El gran creador del teatro francés clásico es Molière, que era el seudónimo de Jean Baptiste Poquelin. Era también actor en la compañía en la que estrenaba sus obras, y fue protegido por el Rey. Su primera obra de éxito fue “Las preciosas ridículas”, donde criticaba la pedantería de las damas que mantenían un salón intelectual en París. Sin embargo, su máxima creación viene un poco más tarde con la comedia “Tartufo”, sobre la hipocresía religiosa y el uso de la beatería para conseguir fines ajenos a la religión, lo que le proporcionó serios problemas con la censura de la época. Su éxito de comediógrafo está basado en la sátira de personajes de la época: “El misántropo”, “El avaro”, “El médico a palos” o “El enfermo imaginario”, quizás su obra maestra indiscutida. Durante la representación de esta última comedia sufrió un súbito ataque que le llevó a la muerte.

~ por Fuensanta Muñoz en 30 noviembre 2009.

2 comentarios to “Teatro barroco”

  1. Excelente síntesis, Fuensanta.
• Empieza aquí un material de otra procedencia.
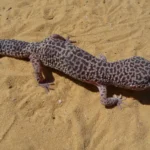 Wild Type (Gecko Leopardo)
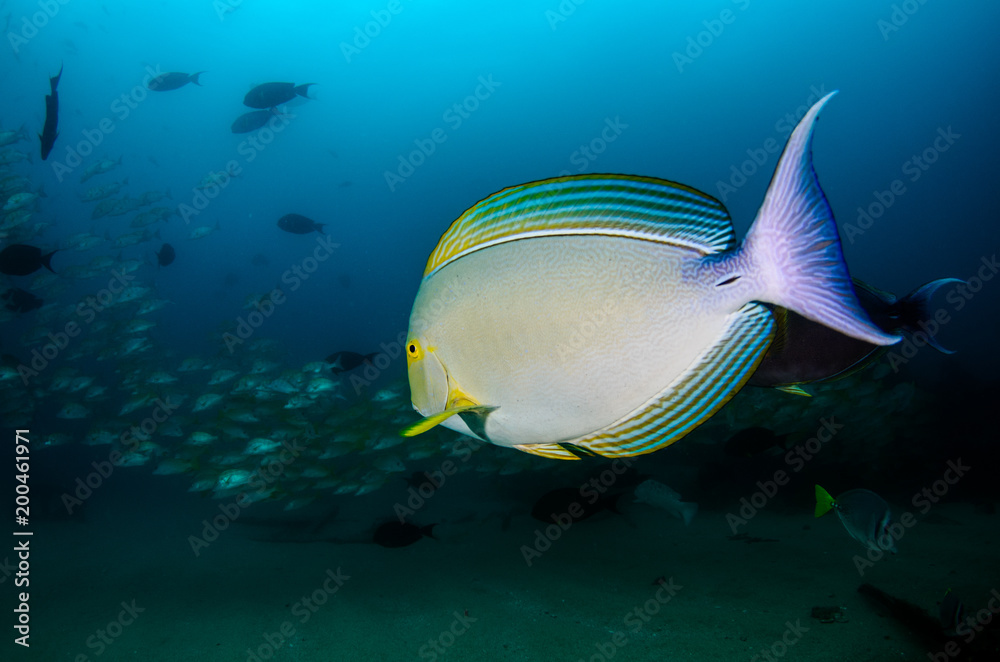 Fototapeta premium (Acanthurus xanthopterus) Yellowfin or purple Surgeonfish in a shipwreck. reefs of the Sea of Cortez, Pacific ocean. Cabo Pulmo, Baja California Sur, Mexico. Cousteau named it The world's aquarium.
Acabamnos de ver el tema en la clase de Literatura universal de 2º de Bachillerato.Hemos leído “Hamlet” y les ha gustado mucho. Un saludo.

  2. El condicionamiento que tenemos en Artes Escénicas, la asignatura que imparto y que estoy desarrollando en un proceso de documentación y experimentación, es que su temario es amplísimo, e incluye la historia del teatro y de las artes escénicas en general. A la fuerza tengo que ser sintética, a lo cual me ayudan algunos libros muy interesantes, como la Historia del teatro de Ramón Nieto, cuyo esquema estoy siguiendo. Hamlet, colega, es de las obras de éxito asegurado, así como El sueño de una noche de verano.